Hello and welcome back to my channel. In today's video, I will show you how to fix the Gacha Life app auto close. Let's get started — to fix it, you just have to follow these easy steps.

--

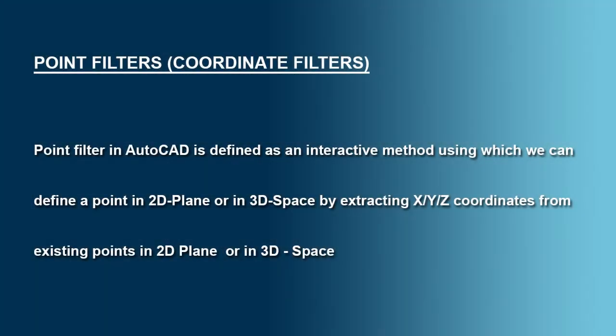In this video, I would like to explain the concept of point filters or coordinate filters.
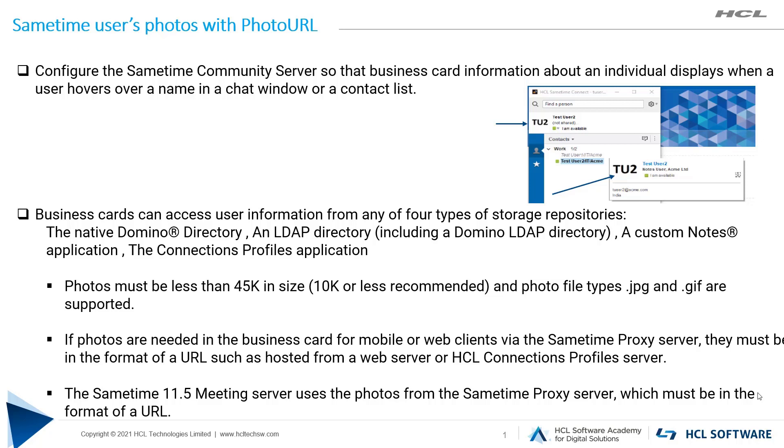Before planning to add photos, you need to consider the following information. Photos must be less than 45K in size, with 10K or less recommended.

...

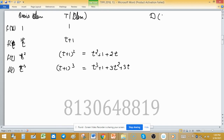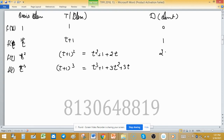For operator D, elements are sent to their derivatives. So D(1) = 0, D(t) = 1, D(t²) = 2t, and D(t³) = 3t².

_ABOUT THIS TASK_. Output only the stretch above from the line with "In this video, I" through the line with "Before planning to", reproduced exactly. Exclude pictures.

_ANSWER FOR THE TASK_.
In this video, I would like to explain the concept of point filters or coordinate filters.
Before planning to add photos, you need to consider the following information. Photos must be less than 45K in size, with 10K or less recommended.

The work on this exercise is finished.